僕がそうして逡巡してる中、クラスの温度はどんどん下がっていき、やがて別の男子が立候補しました。
針のむしろな僕。
クラス中から冷たい視線を浴び、言葉で責められ…挙句K君からは「友達だと思ってたのに」の一言。

ハッキリ言います。
相手がどう思っているのかなんて考えるな。
1度一緒に遊べば友達だ。
胸を張って僕はあいつの友達だと思っていよう。

感想書きます。

感想

1巻の感想で「告白して振られてこそ負けヒロイン」と書いておいて、それをしてない檸檬を「一番好きな負けヒロイン」としてました。
見た目やキャラクターばかりに目が言って、肝心のドラマに目が行ってない。
だから、こういう頓珍漢な感想を書いちゃうんでしょうね。反省。

だけれど、今回はちゃんと言えるよ。
檸檬が負けヒロインで一番好きだと。

1巻で唯一告白から振られるまでを経験しなかった檸檬が振られるお話。

男女の恋と友情の問題。
これは正しい答えが無い難しい問題よなぁ。
経験したこと無いから迂闊なことは言えないけれど、檸檬の考え方も杏菜の考え方もアリでしょ。
杏菜の考え方は、好きな人を強引に取るような行動を実践してしまったらダメだけれどさ、ただ思う分にはセーフだと思うんよ。
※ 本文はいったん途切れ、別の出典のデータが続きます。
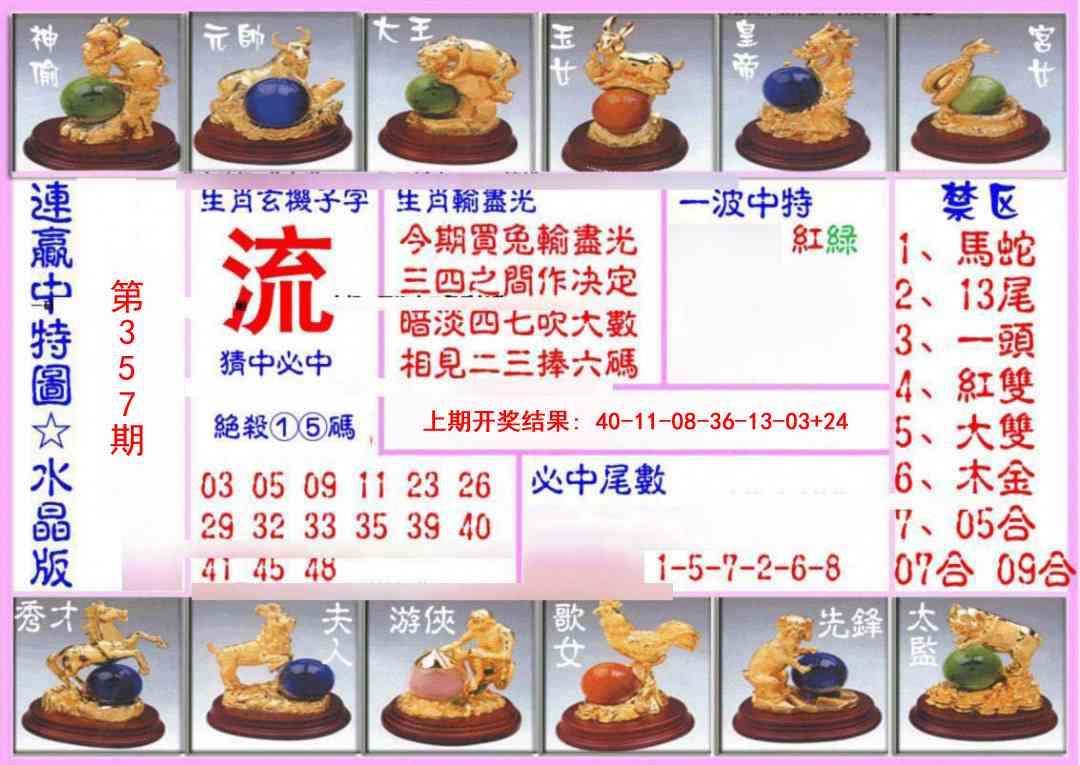 357期连赢中特图（水晶版）[图]
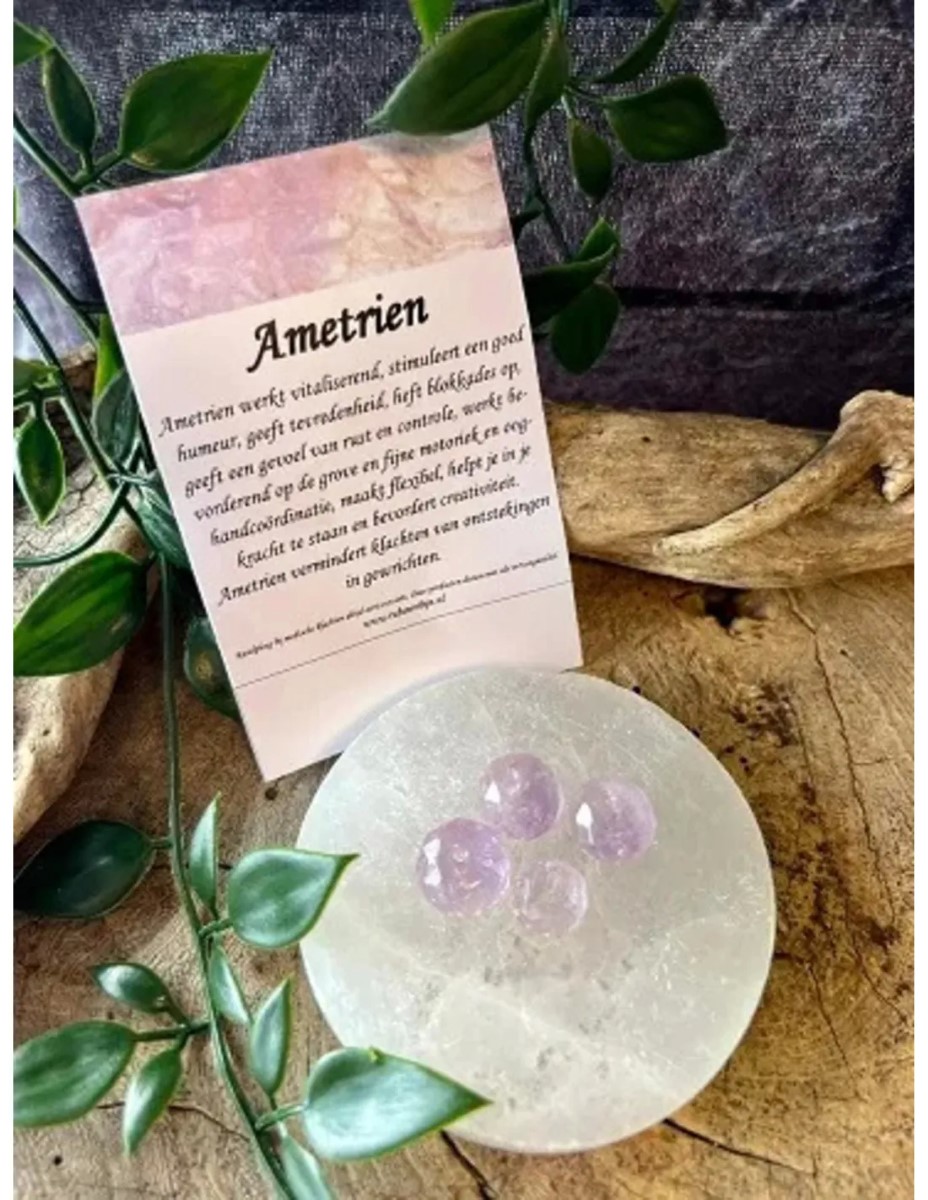 Ametrien kralen facet - 4 st. - Afbeelding 2
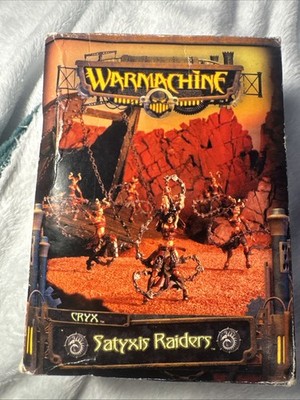 Warmachine Cryx Satyxis Raiders Metal Unit Box Set Unassembled Complete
ただ、「どちらがいい子か」と言えば、まぁ、檸檬になる。
純真無垢な彼女の考えは、単純に可愛いなぁと感じます。

とはいえ、繰り返すようですが、杏菜の考えもアリ。
だからこそ、落としどころも納得。

説得したり、説教するような事じゃないもんね。
「檸檬が正しい」と断言しちゃうのも違う。
杏菜の否定も勿論違う。
温水君は、否定も肯定もせずに、黙って檸檬を泣かせておく。
その上で、「友達の話」として、杏菜のことを引き合いに出して、しかし、杏菜を否定はせずに「杏菜と比べれば檸檬の方が良い子」という敢えて論点をずらしてみせる。
最後には、綾野と朝雲、それぞれとしっかりと「話し合い」をさせて、檸檬の恋の終わりを示す。

朝雲と女の子同士の友情を築きつつ、綾野とは以前のままの関係に戻る。
青春ラブコメらしい爽やかな決着はご愛敬。
檸檬がどこまでも純真な子だったから、そういう関係を築けたのだという一定の説得力もありますし、多少現実味に欠いても問題なしですね。

 

檸檬を中心に置きつつも、彼女と異なる考え方から行動を起こす杏菜のキャラも立たせ、かつ、「ヒーロー過ぎない主人公」こと「そっと背中を押す系男子」としての温水君の面目躍如な活躍も光ったお話だったと感じました。

第3巻は?

今回はあまり出番の無かった知花が中心かな?
それとも布石だけばらまいていた夢子先輩の出番か?
どう展開するか、期待しつつ次巻を待ちます。